Department of Internal Medicine, Division of Nephrology, Leiden University Medical Center, 2300 RC Leiden, The Netherlands.
Cells. 2025 Aug 31;14(17):1357. doi: 10.3390/cells14171357.
Patients with heart failure with a reduced ejection fraction (HFrEF) are at an increased risk of developing postoperative hemodynamic instability and vasoplegia after surgery on cardiopulmonary bypass (CPB). Potentially pre-existing endothelial cell (EC) alterations due to chronic HF influence EC responses to cardiac surgery and might be responsible for the altered vascular responsiveness observed postoperatively. In this study, well-described EC activation markers were measured in blood samples collected pre- and perioperatively at four time points from HFrEF and control patients undergoing cardiac surgery on cardiopulmonary bypass (CPB). Circulating levels of Angiopoietin 2 (ANG2), von Willebrand Factor (vWF), and soluble P-selectin were measured using ELISA. Additionally, we investigated the responses of the cultured EC to patient-derived plasma through morphological profiling and mitochondrial functional assays. In total, 36 patients were included (67 (61-71) years, 78% male). HFrEF patients had higher baseline ANG2 and vWF levels when compared to controls. Both markers peaked during the first postoperative day. A pronounced increase in vWF was seen in controls after CPB. Ex vivo EC responses to patient-derived plasma showed distinct morphological differences between the two groups at baseline. A mitochondrial analysis indicated alterations in function and morphology for both groups after CPB. In conclusion, HFrEF patients exhibit a dampened EC response to cardiac surgery on CPB. Stable circulating factors in HFrEF plasma are responsible for inducing EC stress. Moreover, the mitochondrial function is highly affected postoperatively. This pre-existing mitochondrial and EC dysfunction predispose HFrEF patients to postoperative hemodynamic instability.

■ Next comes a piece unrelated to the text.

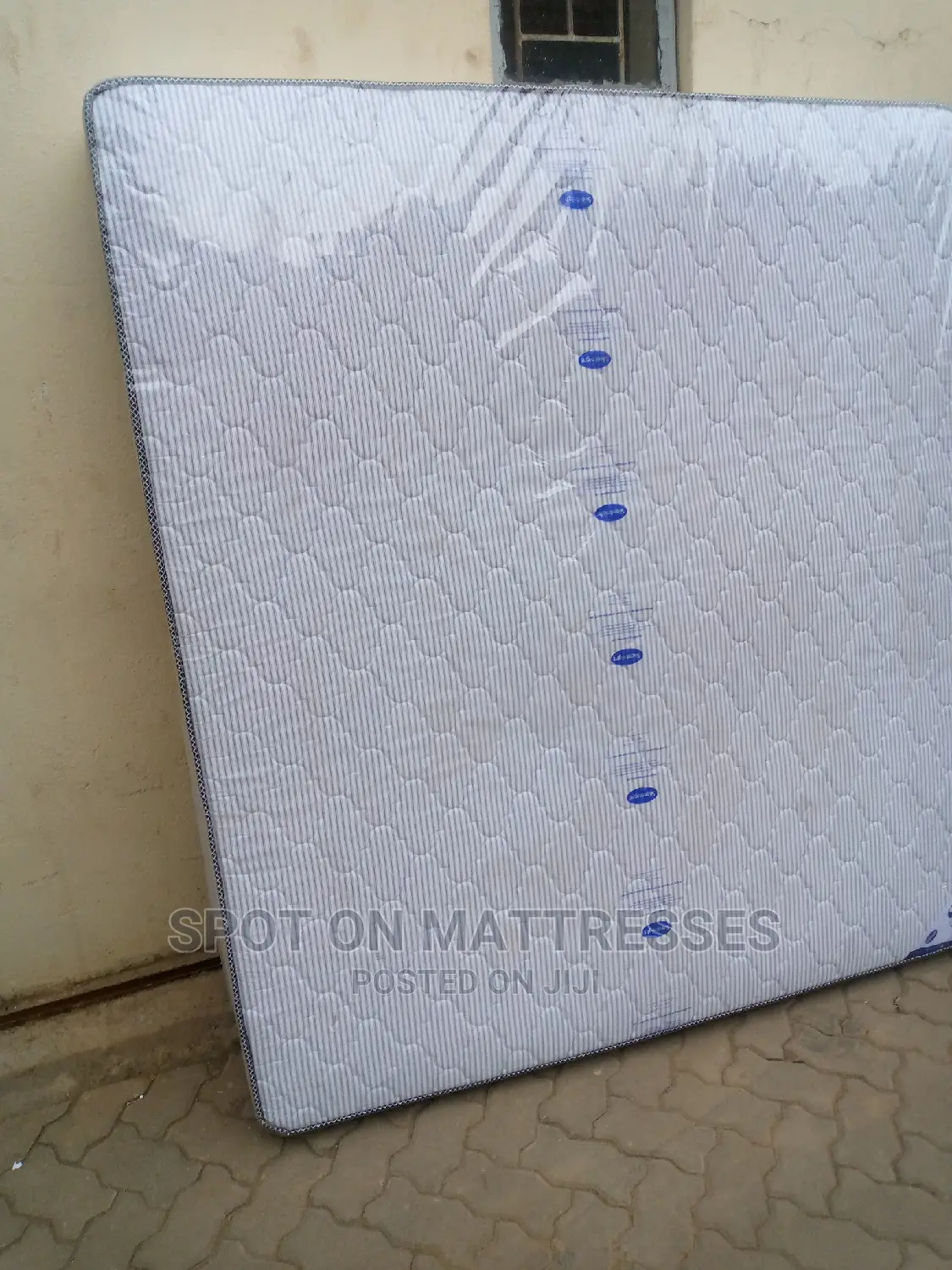 17% Off - Clearance Sale! 5by6 10" Thick Spring Mattress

射血分数降低的心力衰竭(HFrEF)患者在体外循环(CPB)心脏手术后发生术后血流动力学不稳定和血管麻痹的风险增加。由于慢性心力衰竭可能预先存在的内皮细胞(EC)改变会影响EC对心脏手术的反应,并且可能是术后观察到的血管反应性改变的原因。在本研究中,在接受CPB心脏手术的HFrEF患者和对照患者术前和围术期的四个时间点采集的血样中测量了描述详尽的EC激活标志物。使用酶联免疫吸附测定法(ELISA)测量血管生成素2(ANG2)、血管性血友病因子(vWF)和可溶性P选择素的循环水平。此外,我们通过形态学分析和线粒体功能测定研究了培养的EC对患者来源血浆的反应。总共纳入了36例患者(67(61 - 71)岁,78%为男性)。与对照组相比,HFrEF患者的基线ANG2和vWF水平更高。两种标志物在术后第一天达到峰值。CPB后对照组中vWF明显升高。体外EC对患者来源血浆的反应在基线时两组之间显示出明显的形态学差异。线粒体分析表明CPB后两组的功能和形态均发生改变。总之,HFrEF患者对CPB心脏手术表现出减弱的EC反应。HFrEF血浆中稳定的循环因子负责诱导EC应激。此外,线粒体功能在术后受到高度影响。这种预先存在的线粒体和EC功能障碍使HFrEF患者易发生术后血流动力学不稳定。